2. Research Talk (for RSE / Research Scientist roles)
What is evaluated
Depth of understanding of your past work
Ability to explain research motivation, trade-offs, and impact
Clarity of thought and communication
How to prepare
Prepare 1–2 core projects/papers in depth
Be ready to explain:
Problem statement & why it matters
Existing approaches and limitations
Your contribution and key insights
Results, metrics, and failure cases
Expect follow-ups on assumptions, scalability, and future work
Tip: Interviewers care more about how you think than the number of papers.
3. ML Domain Round
What is evaluated
Core ML knowledge and intuition
Ability to choose the right model for the problem
Key topics
Supervised vs unsupervised learning
Bias–variance trade-off
Overfitting, regularization, feature engineering
Evaluation metrics (AUC, precision/recall, RMSE, etc.)
Classical models: Linear/Logistic Regression, Trees, SVM, KNN
Basics of deep learning (CNNs, RNNs, Transformers – depending on role)
How to prepare
Understand why an algorithm works, not just how
Be able to compare models and justify choices
Practice explaining concepts in simple terms
4. System Design
What is evaluated
High-level system thinking
Scalability, reliability, and trade-offs
How to prepare
Learn basics of distributed systems
Practice designing systems like:
Recommendation engine
Search system
Real-time analytics pipeline
Cover:
APIs & data flow
Storage choices
Scaling & latency considerations
Monitoring & failure handling
Tip: This round is about engineering judgment, not ML depth.
5. ML System Design
What is evaluated
End-to-end ML lifecycle thinking
Ability to deploy, scale, and maintain ML models in production
Key areas
Data collection & labeling
Feature pipelines (offline vs online)
Model training & validation
Model serving & inference
Monitoring (data drift, model decay)
Retraining & rollback strategies
How to prepare
Practice designing ML systems like:
Fraud detection
Recommendation system
Ranking or prediction service
Discuss trade-offs: accuracy vs latency, batch vs real-time
Show awareness of production challenges
Tip: Senior levels expect clarity on ML + systems, not just models.
Resources
Conclusion
Hiring for AI and Machine Learning engineers is increasing rapidly as the field continues to grow, offering a promising future and competitive compensation.

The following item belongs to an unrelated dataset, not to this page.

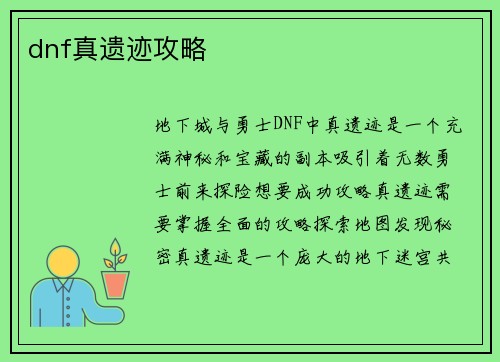 dnf真遗迹攻略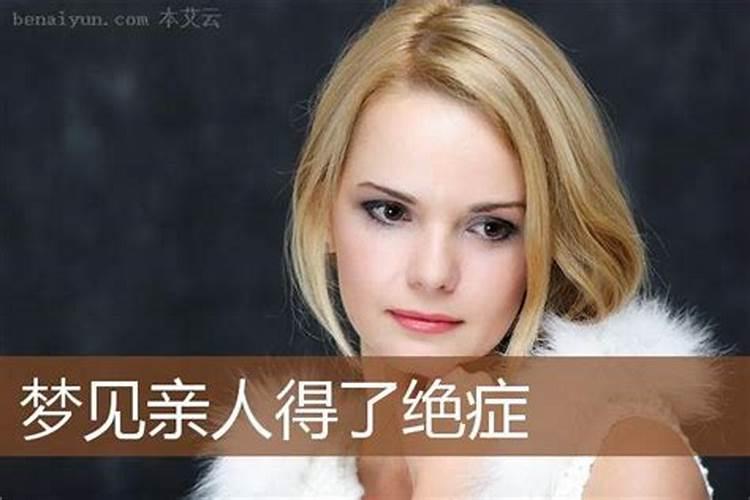 梦见马惊了乱跑有什么寓意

However, a key challenge remains: many candidates either lack depth in machine learning fundamentals or the discipline required to prepare effectively for interviews. I hope the suggestions shared here help you build stronger foundations, approach preparation more systematically, and improve your chances of succeeding in ML interviews.

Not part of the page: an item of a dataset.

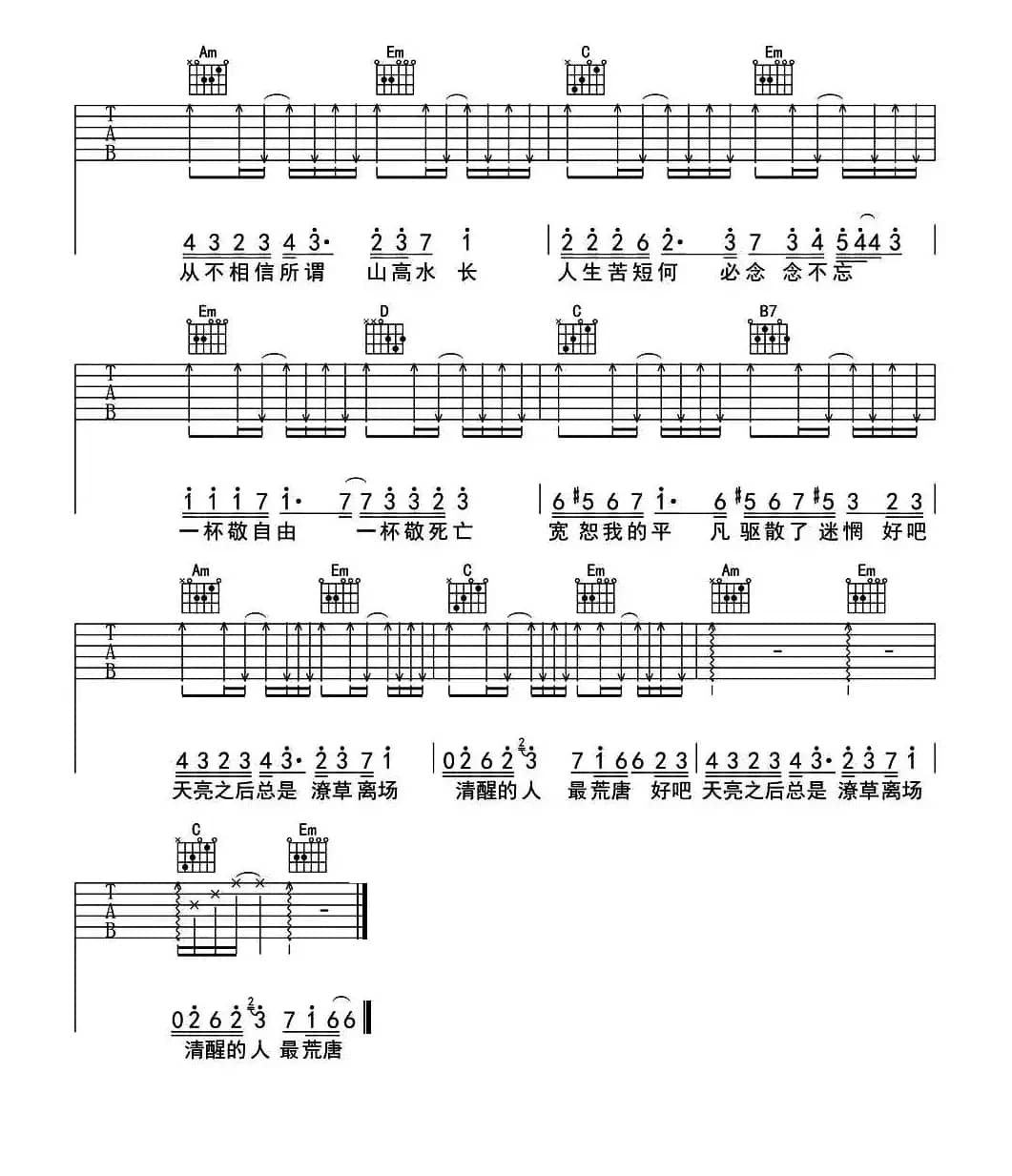 消愁（米鹏制谱版）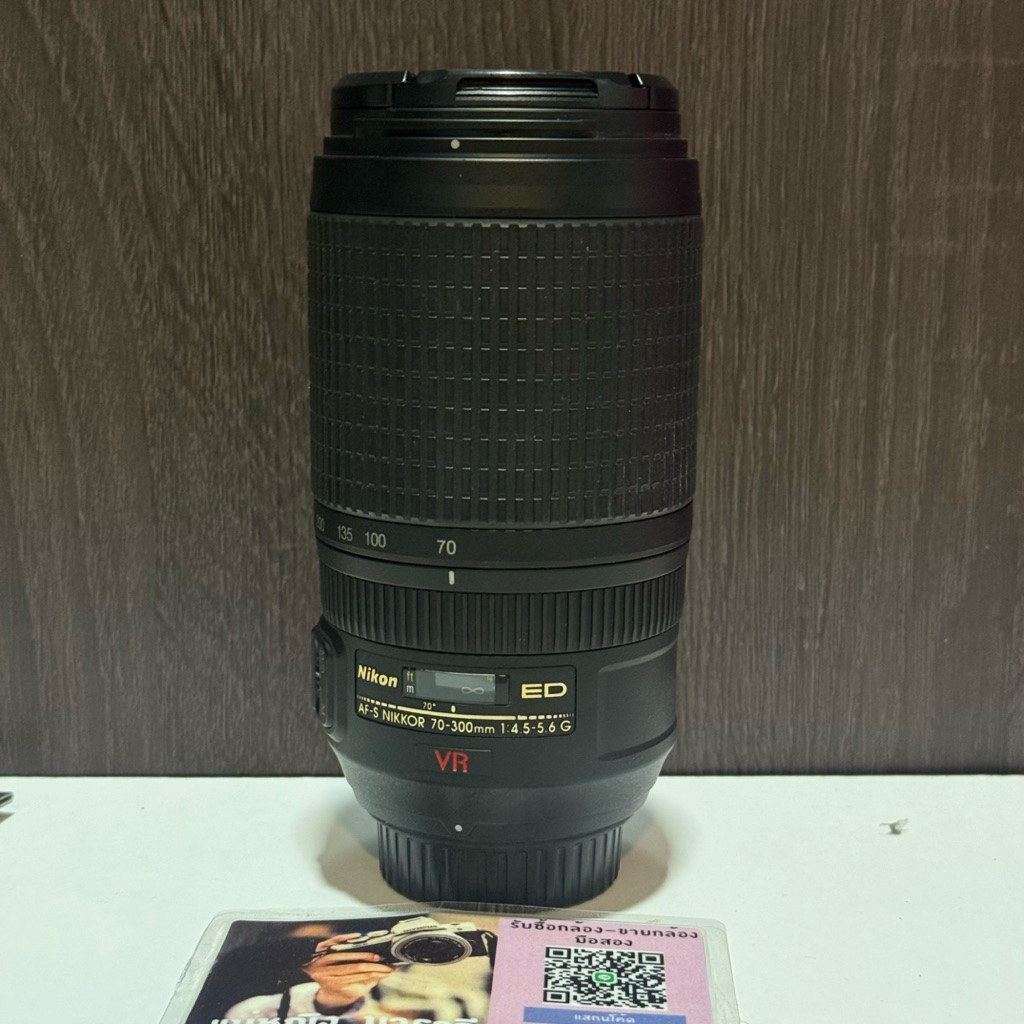 lens Nikon 70-300  VR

Thanks keep it up very useful, also preferable to have a similar article on startups (those who pay well)
Awesome! Useful summary!
When preparing for an interview, especially the mentioned ML Domain round, do you typically only need to prepare for one of the domains (related to role) or are the interviews more wide breadth. For example could the interviewer could ask questions across the listed topics you listed(eg: ranking/recommendations, computer vision) or will they dive deep and really test knowledge on one? I’ve seen google MLE listings that seem both general and team specific.